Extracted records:
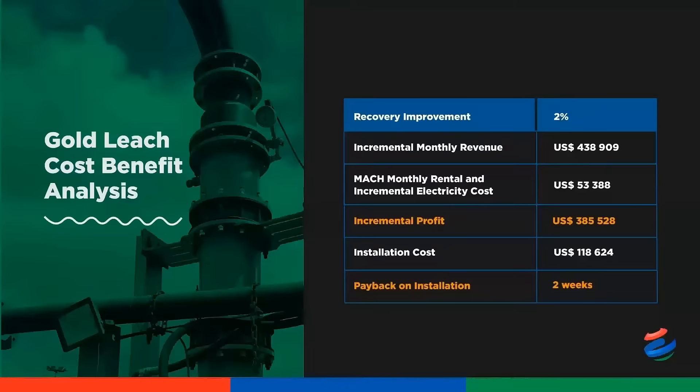Let's start with economics. This information is summarized from one of my gold clients. For their operation, a 2% incremental recovery improvement translates into a monthly incremental revenue of circa US$440,000. Yes, there are incremental costs such as the rental of the MUCH reactors and electricity, but an incremental profit of circa US$386,000 is still realized. Payback on installation is a mere two weeks.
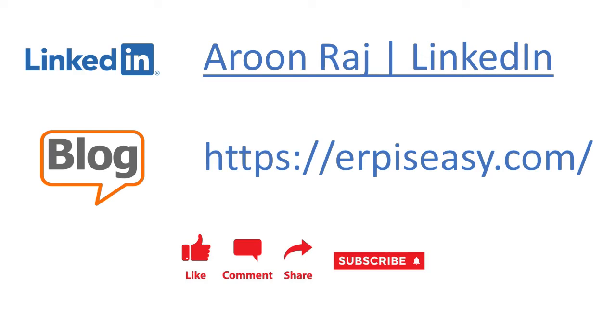Hello friends, welcome back to my channel. My name is Arun and in today's video I am going to talk about the procure-to-pay business process. If you find my content useful, please give it a like and share it with your friends who might benefit from it as well. Now let us get into the topic.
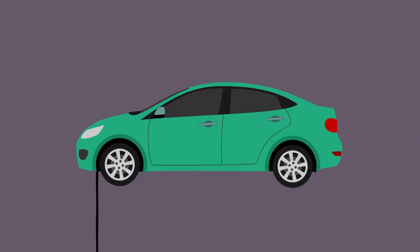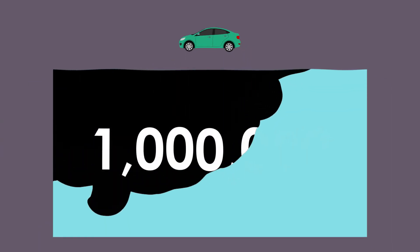Did you know that the used oil from just one car's oil change can contaminate up to 1 million gallons of fresh water? This is harmful to the environment, so proper recycling is vital.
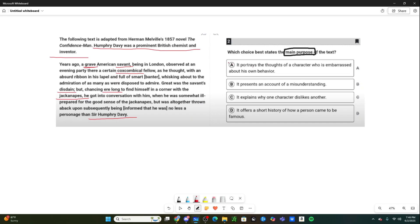So what is the main purpose of the text? Answer choice A: 'It portrays the thoughts of a character who is embarrassed about his own behavior.' This is why 90% of people got this question incorrect — yes, it is talking about the thoughts of a character, but when does the text say he's embarrassed? You might logically think that if you were in his position — thinking somebody was a clown and then realizing he's a famous British chemist — you'd be embarrassed. But the text itself does not say anything about the person being embarrassed, so we can't assume that. On the SAT, you don't want to infer; you only work directly off what the text gives you. So answer choice A is wrong.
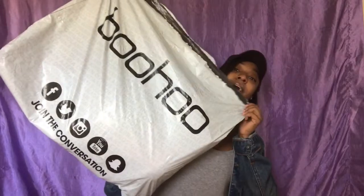Hey guys, today I wanted to do a Boohoo haul. I ordered a couple of things before my birthday — not really for my birthday, just stuff I wanted from Boohoo. My package came in this big Boohoo bag. I ordered about six items and they came to about $60.50 including shipping.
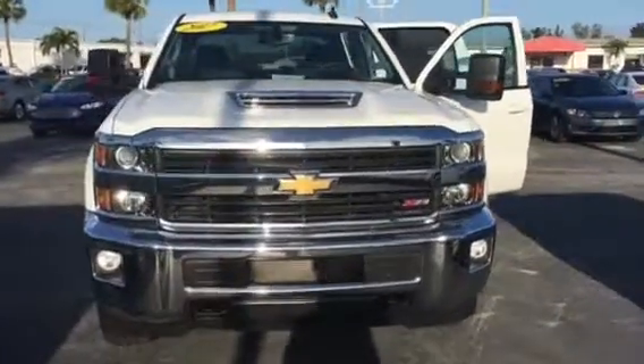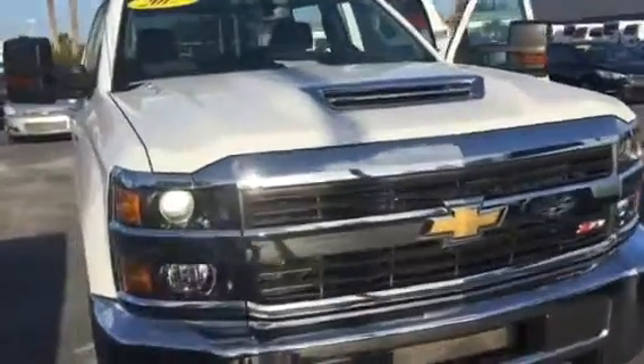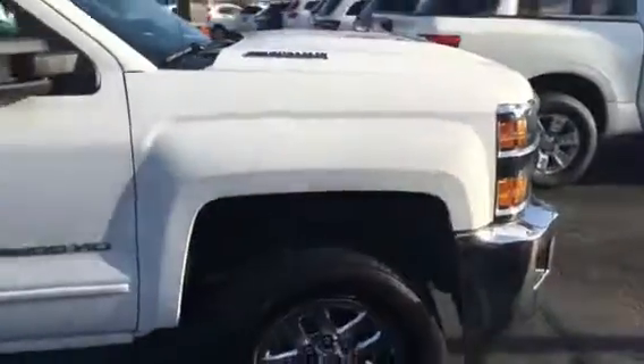Hello, my name is John Dee from Carl's Buick GMC. Just want to shoot you a real short video of this 2017 Chevy Silverado Duramax.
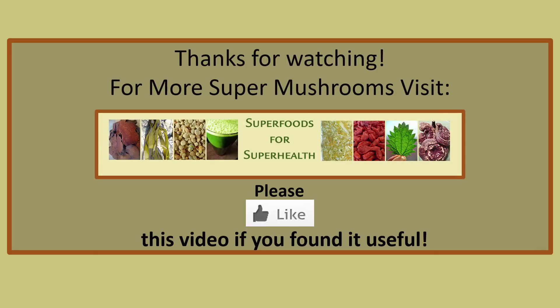Thanks for watching, and for more super mushrooms visit superfoodsfor superhealth.com. Please support us by giving us a thumbs up if you found this video useful.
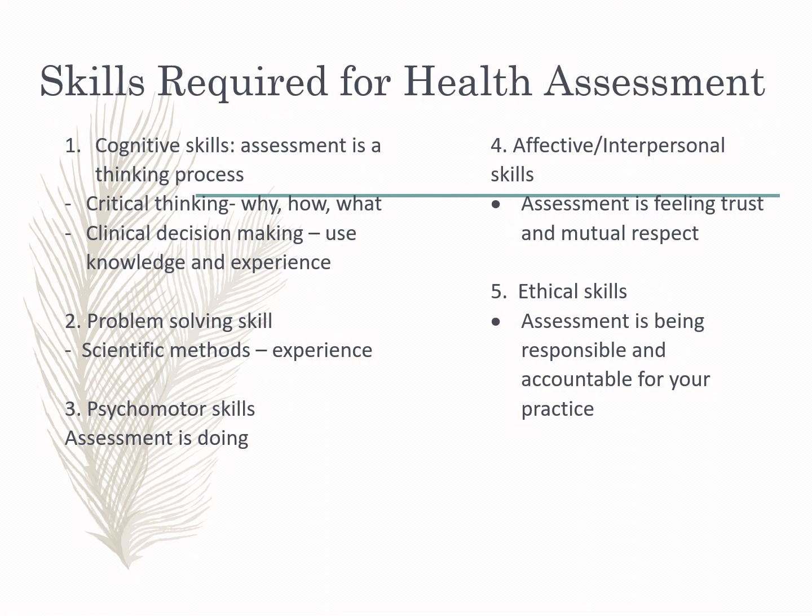In doing our health assessment process, we need five skills that are highly required for a prudent nurse during health assessment. You must have the following skills. The first is cognitive.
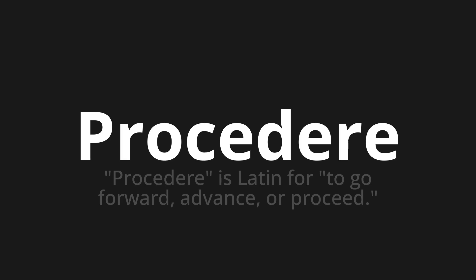Thank you for joining us on this adventure in pronunciation. Remember, language is a journey, not a destination. Keep exploring, experimenting, and expanding your linguistic horizons. We'll see you next time.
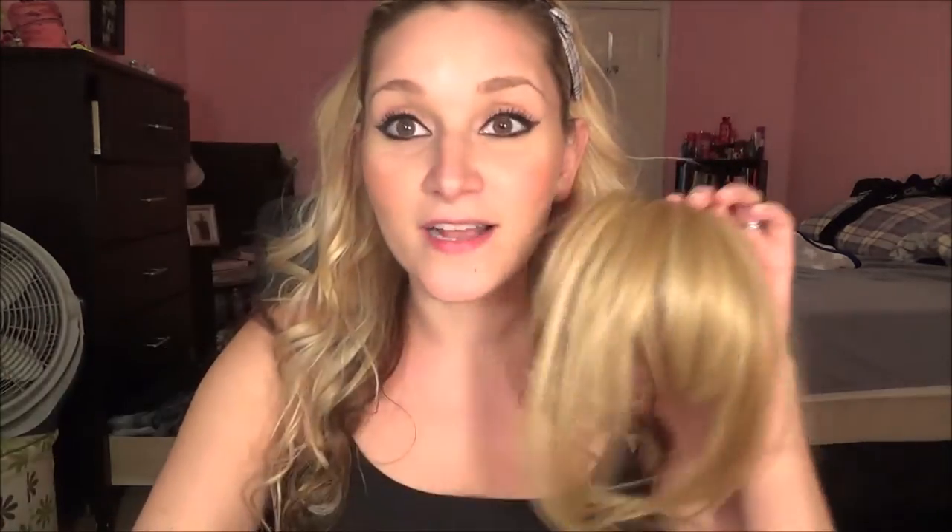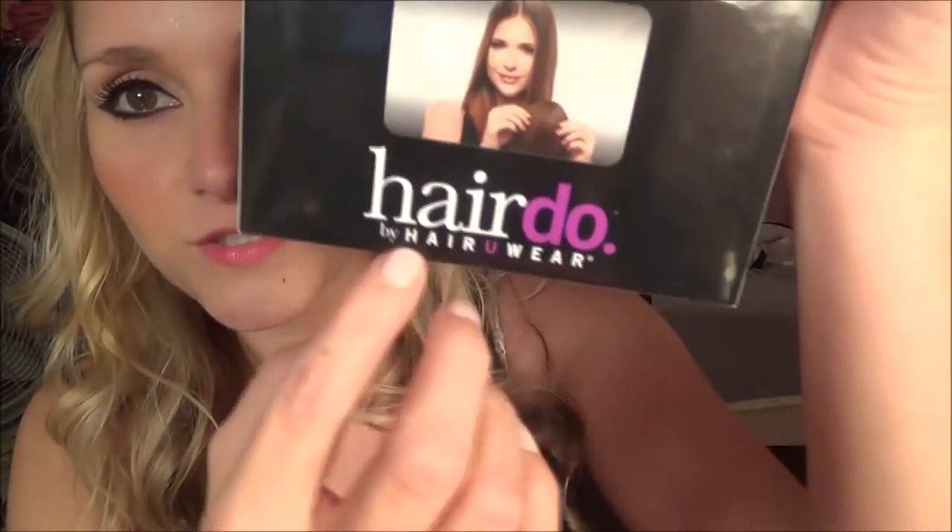I just got this in the mail today, and I'm so excited over them because I love them. These are clip-in bangs from Hairdo by Hair You Wear. I got this free from Octoly for a review. I seen them and watched a little video on their website, and I was thinking, I've been thinking about getting my bangs again, so this is a good thing for me to try. Until I'm ready to cut my bangs again, I can just clip these in and it looks like I already got my bangs done.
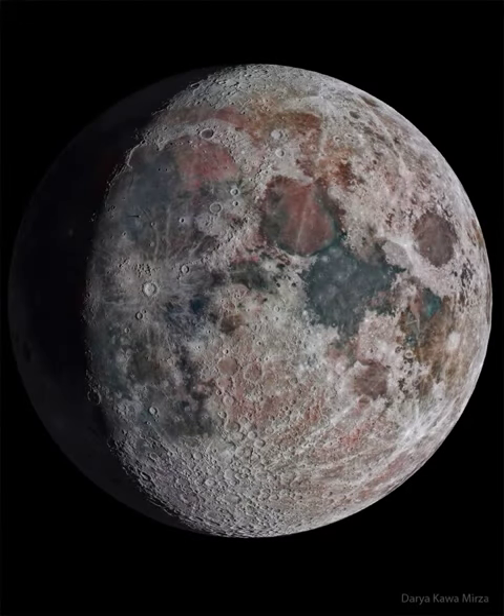Our moon doesn't really look like this. Earth's moon, Luna, doesn't naturally show this rich texture, and its colors are more subtle. But this digital creation is based on reality. The featured image is a composite of multiple images and enhanced to bring up real surface features. The enhancements, for example, show more clearly craters that illustrate the tremendous bombardment our moon has been through during its 4.6 billion year history.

YOUR GOAL: Leaving out each picture, repeat exactly the lines above from the one that contains "Hey guys, today" through the one that contains "I just got this".

WRITTEN ANSWER:
Hey guys, today I wanted to do a Boohoo haul. I ordered a couple of things before my birthday — not really for my birthday, just stuff I wanted from Boohoo. My package came in this big Boohoo bag. I ordered about six items and they came to about $60.50 including shipping.
Hello, my name is John Dee from Carl's Buick GMC. Just want to shoot you a real short video of this 2017 Chevy Silverado Duramax.
Thanks for watching, and for more super mushrooms visit superfoodsfor superhealth.com. Please support us by giving us a thumbs up if you found this video useful.
In doing our health assessment process, we need five skills that are highly required for a prudent nurse during health assessment. You must have the following skills. The first is cognitive.
Thank you for joining us on this adventure in pronunciation. Remember, language is a journey, not a destination. Keep exploring, experimenting, and expanding your linguistic horizons. We'll see you next time.
I just got this in the mail today, and I'm so excited over them because I love them. These are clip-in bangs from Hairdo by Hair You Wear. I got this free from Octoly for a review. I seen them and watched a little video on their website, and I was thinking, I've been thinking about getting my bangs again, so this is a good thing for me to try. Until I'm ready to cut my bangs again, I can just clip these in and it looks like I already got my bangs done.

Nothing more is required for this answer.